**Exercise directions**
Copy the lines below, please, starting with the one that contains "DT DECTONE Big" and ending with the last. Pictures stay out.

- - -

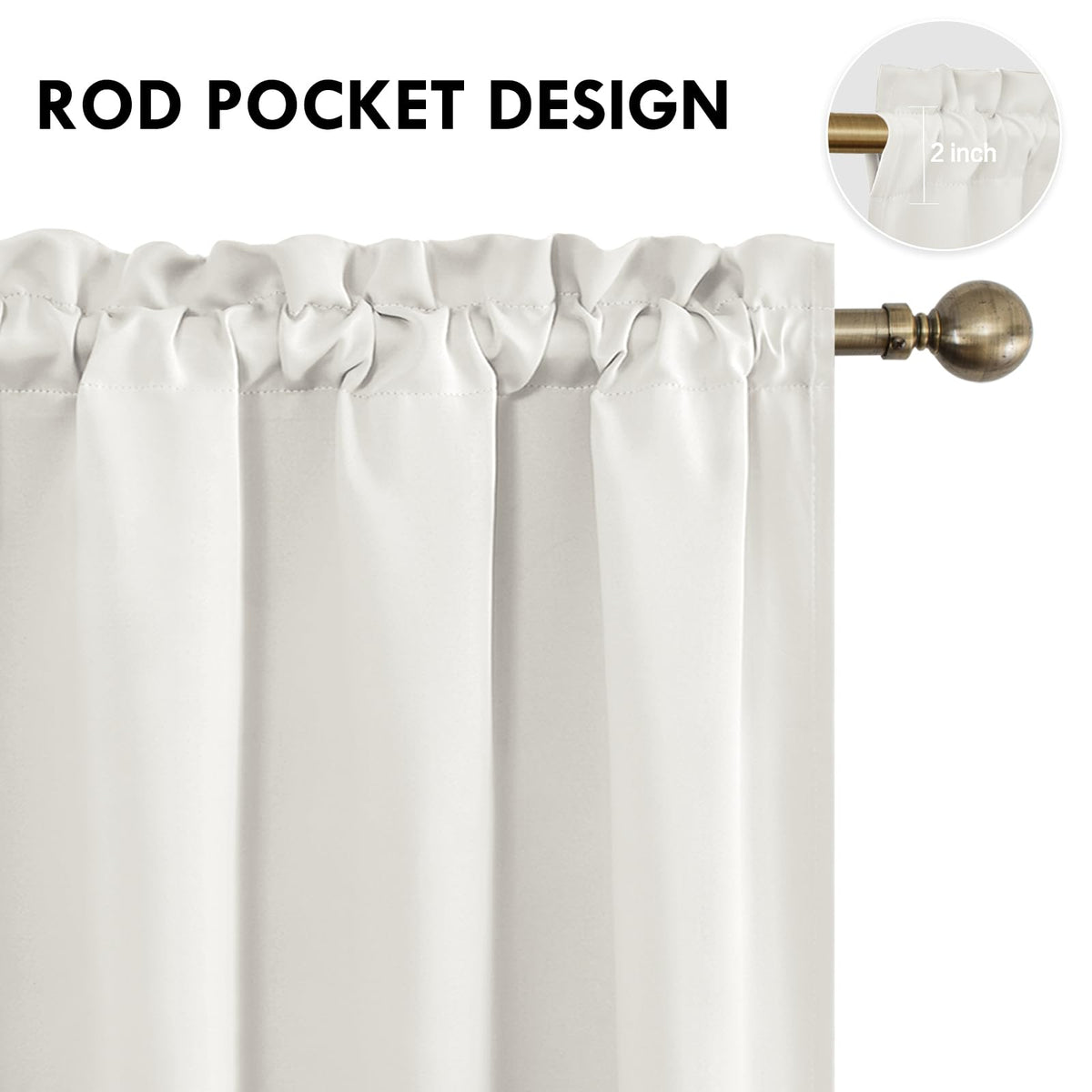 Blackout Curtains for Bedroom Living Room 38 x 84 Inch Long Ivory (2 Count)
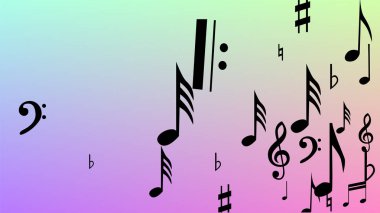 Disko arka plan. Birçok rasgele düşen notlar, bas ve G nota anahtarı. Hologram zemin üzerine düşen siyah müzik notaları sembolü. Disko vektör şablonu ile müzikal sembolleri.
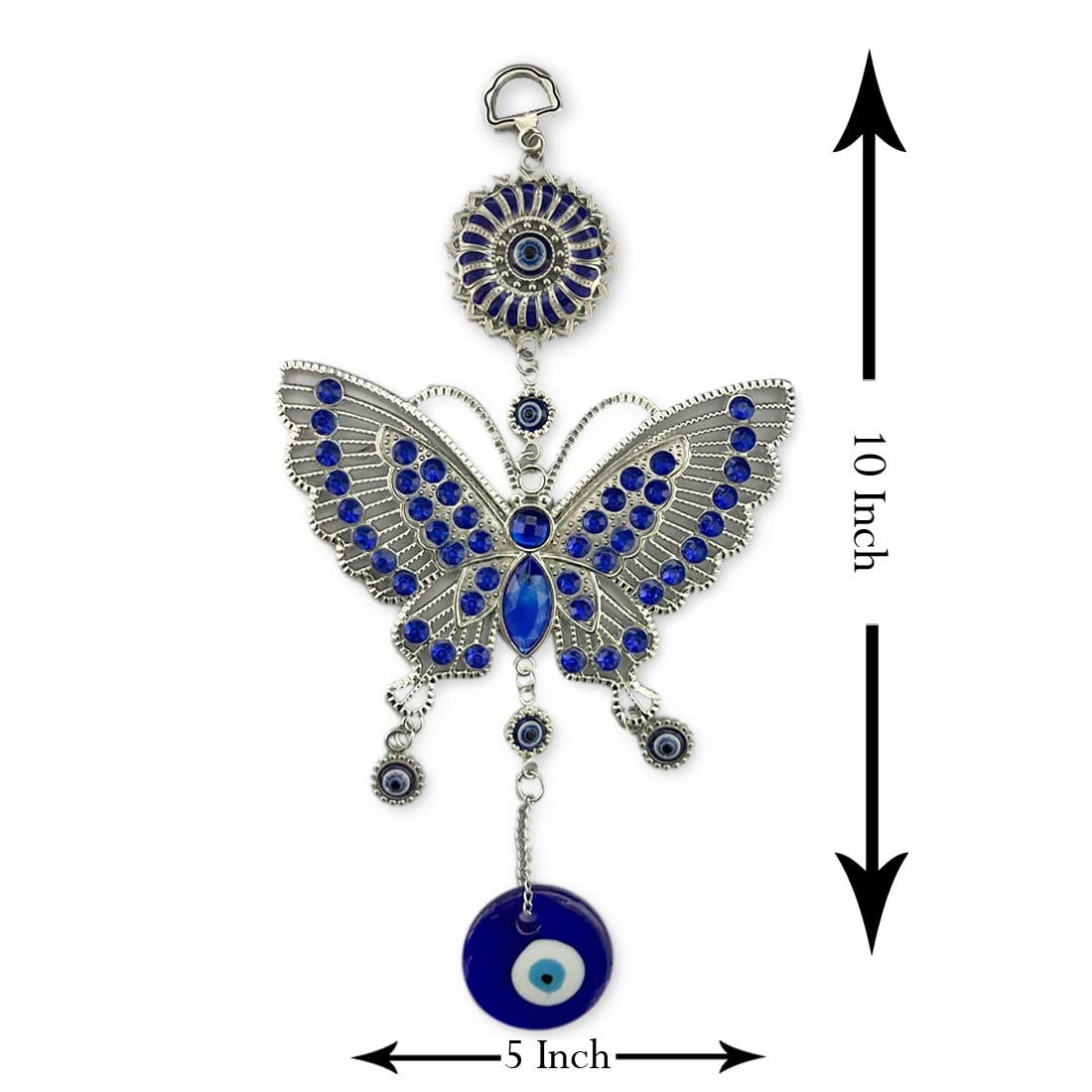 DT DECTONE Big Butterfly Evil Eye Hanging for Car, Home Entrance Door Decoration, Feng Shui Nazar Battu for Home Protection, Good Luck Charm and Prosperity at Office & Home - Image 4
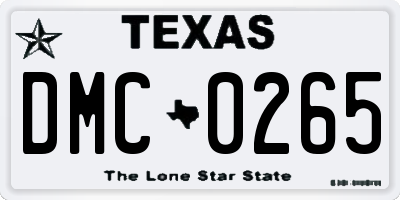 TX license plate DMC0265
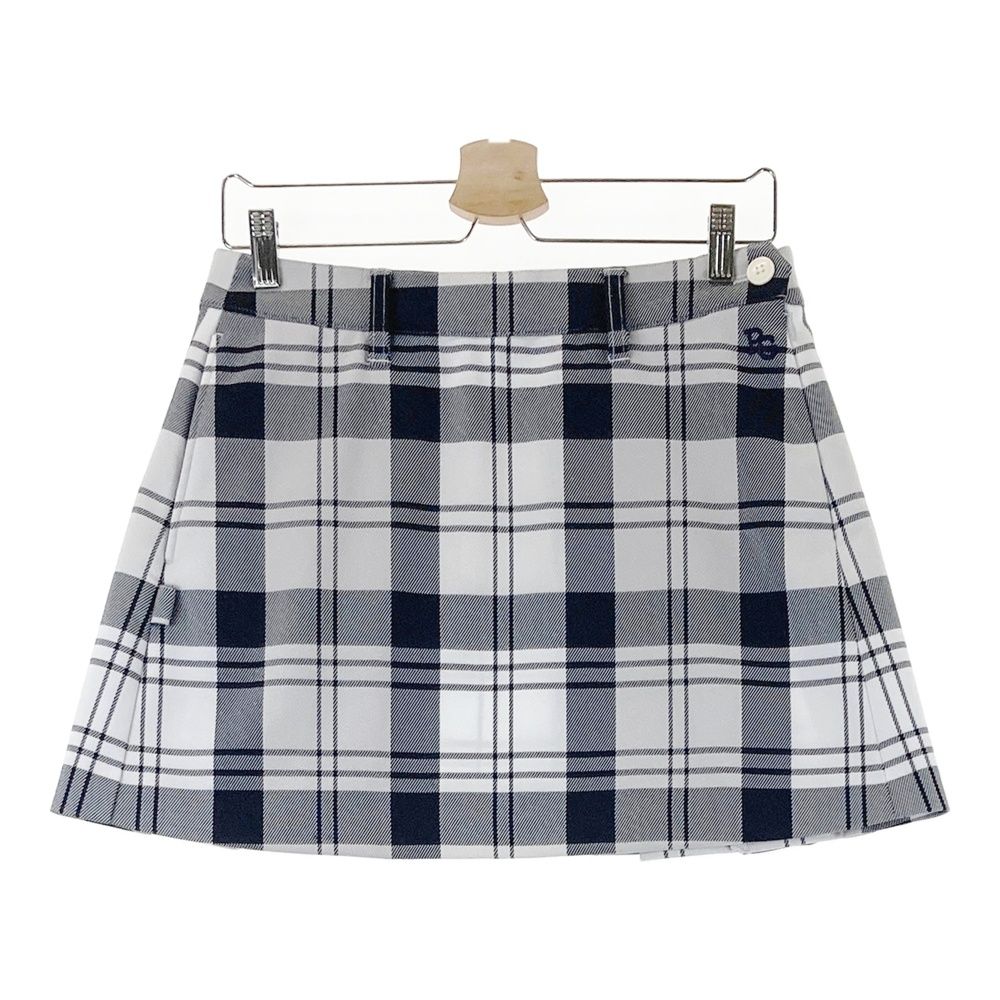 サイズ 1 PEARLY GATES パーリーゲイツ モデル ストレッチ スカート バックプリーツ チェック柄 グレー系 ゴルフウェア レディース ストスト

- - -

**Solution for this exercise**
 DT DECTONE Big Butterfly Evil Eye Hanging for Car, Home Entrance Door Decoration, Feng Shui Nazar Battu for Home Protection, Good Luck Charm and Prosperity at Office & Home - Image 4
 TX license plate DMC0265
 サイズ 1 PEARLY GATES パーリーゲイツ モデル ストレッチ スカート バックプリーツ チェック柄 グレー系 ゴルフウェア レディース ストスト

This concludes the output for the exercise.